Action item.
Without including any pictures, reproduce the full listing exactly.

·····

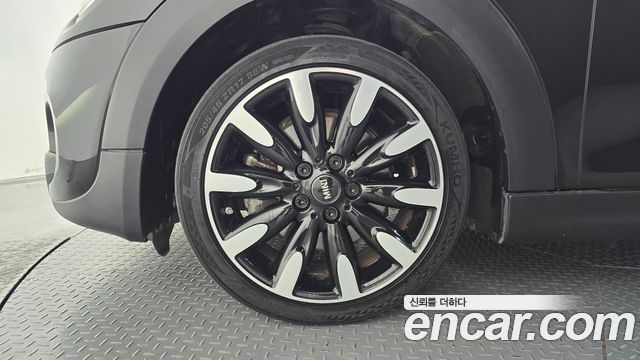 Mini Cooper 5Door HIGH 3rd — пробег 67 985 км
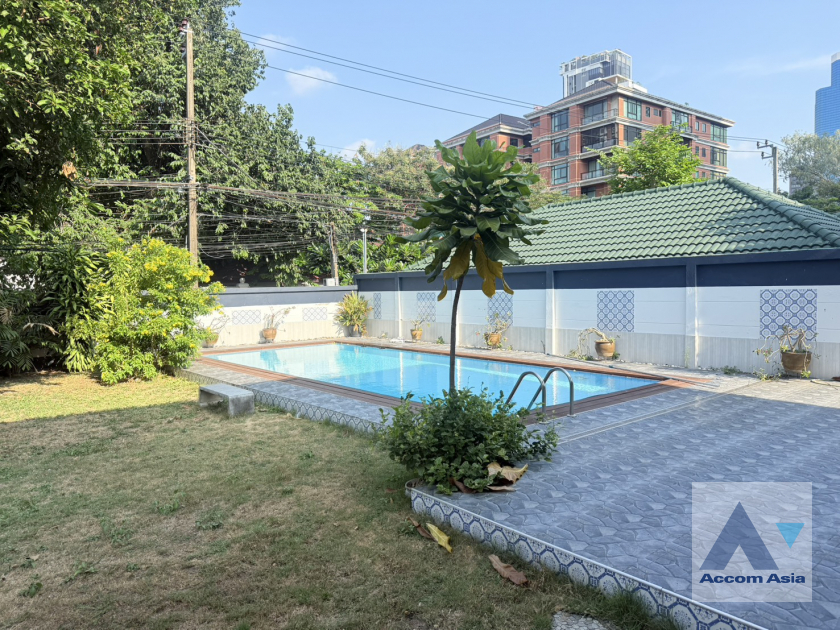 10  4 br House For Rent in Sukhumvit ,Bangkok BTS Ekkamai 100069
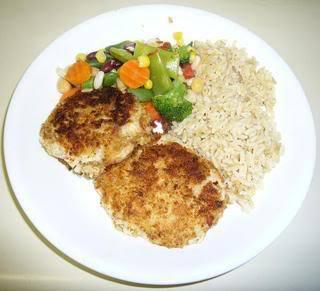 fairyburger's tweet image. One of the first #recipes I ever made with my roommate back in undergrad! #blogfromthepast wp.me/p4TTjb-L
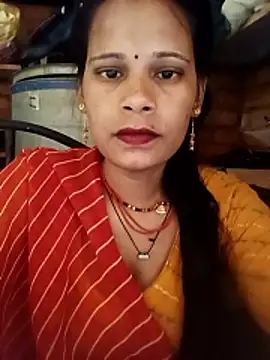 Snapshot of Hot_ree64 chatting on 05.14.26 Hot ree64 online show from 05.14.26
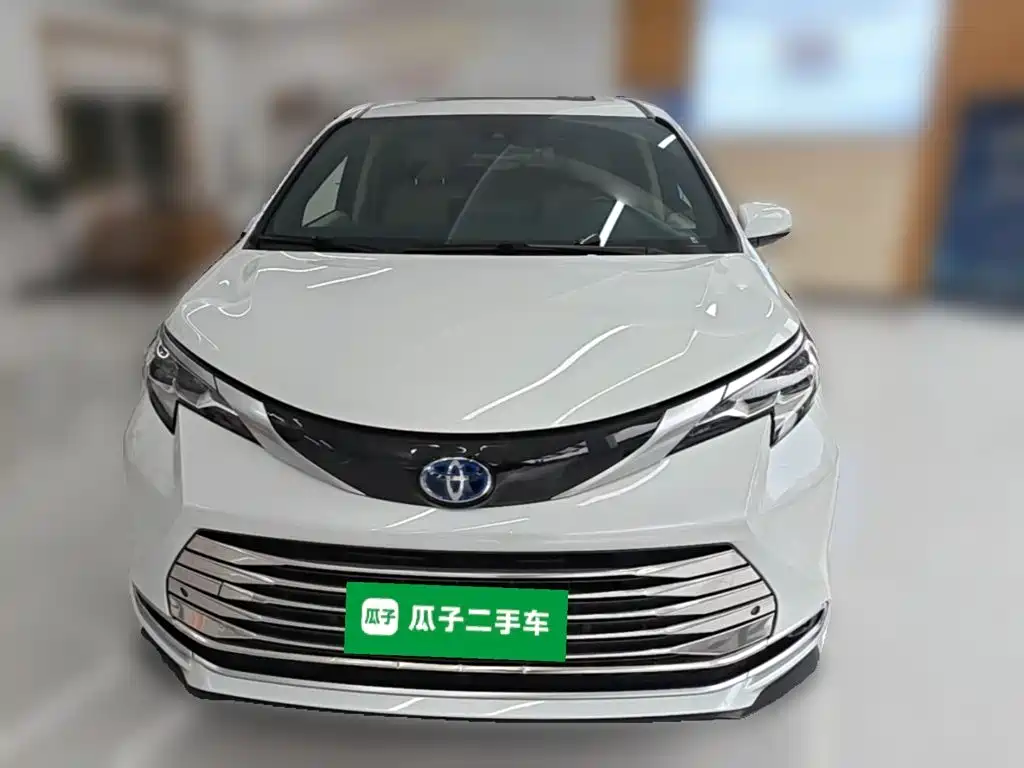 Toyota Sienna — миниатюра 5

·····

Output below.
 Mini Cooper 5Door HIGH 3rd — пробег 67 985 км
 10  4 br House For Rent in Sukhumvit ,Bangkok BTS Ekkamai 100069
 fairyburger's tweet image. One of the first #recipes I ever made with my roommate back in undergrad! #blogfromthepast wp.me/p4TTjb-L
 Snapshot of Hot_ree64 chatting on 05.14.26 Hot ree64 online show from 05.14.26
 Toyota Sienna — миниатюра 5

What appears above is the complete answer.